Supplied information:
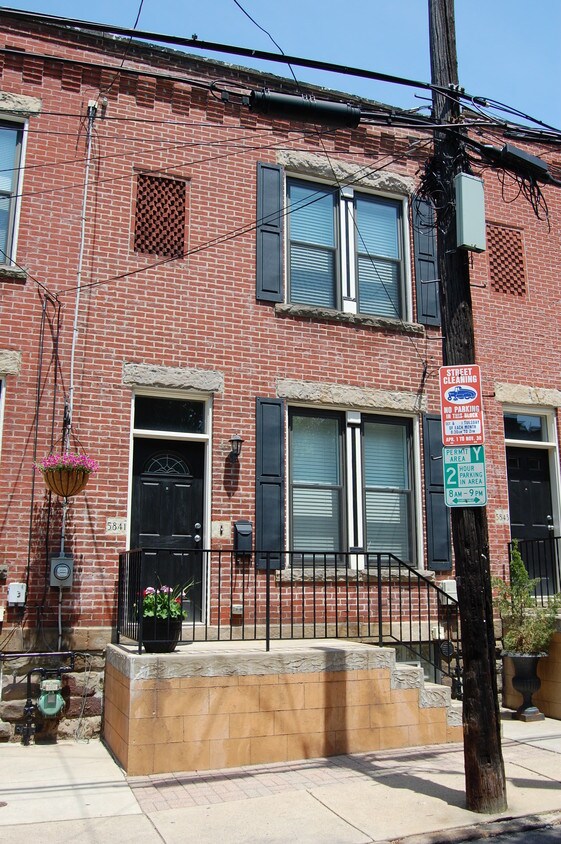 5841 Pierce St, Pittsburgh, PA 15232 Townhome Rentals in Pittsburgh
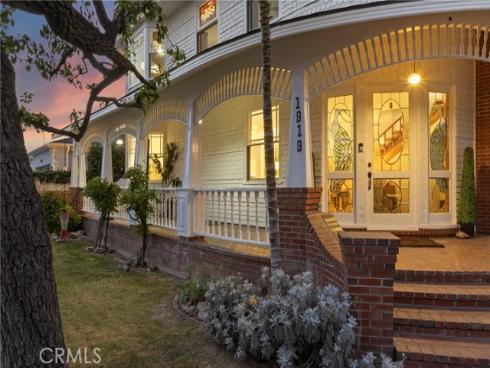 1919 Santa Ana , Costa Mesa, CA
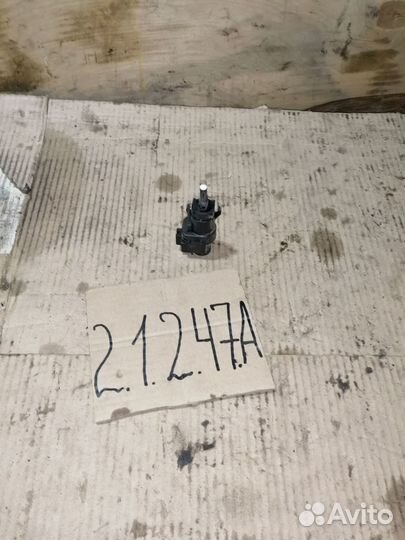 Выключатель концевой Форд Ц-Макс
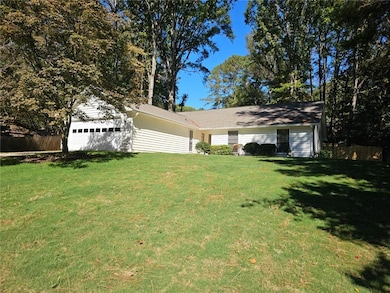 620 Lake Forest Ct, Roswell, GA 30076 - photo 3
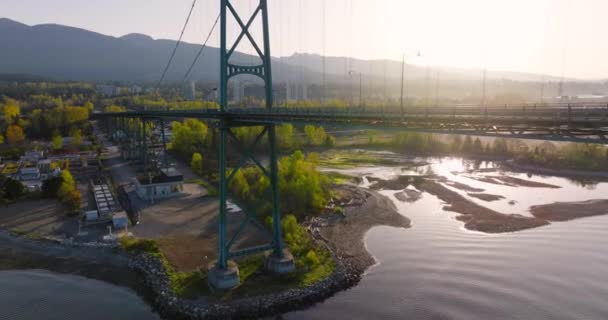 Luftaufnahme Der Lions Gate Bridge Des Hafens Von Vancouver Und — Stockvideo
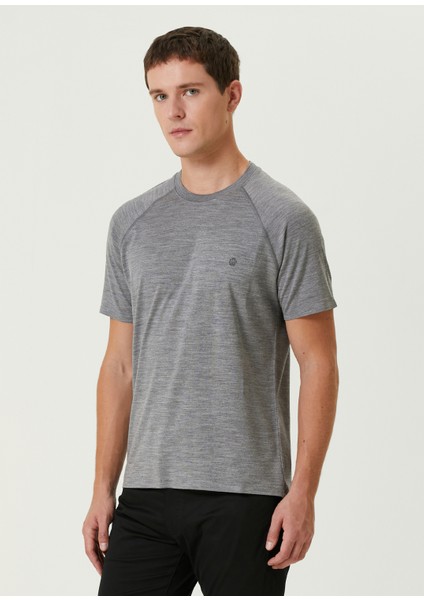 Gri Logo Detaylı Yün T-Shirt modelleri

Directions: Write out exactly, and only, the lines running from the line with "Luftaufnahme Der Lions" to the last line above, both included, with all pictures omitted.

Task answer:
 Luftaufnahme Der Lions Gate Bridge Des Hafens Von Vancouver Und — Stockvideo
 Gri Logo Detaylı Yün T-Shirt modelleri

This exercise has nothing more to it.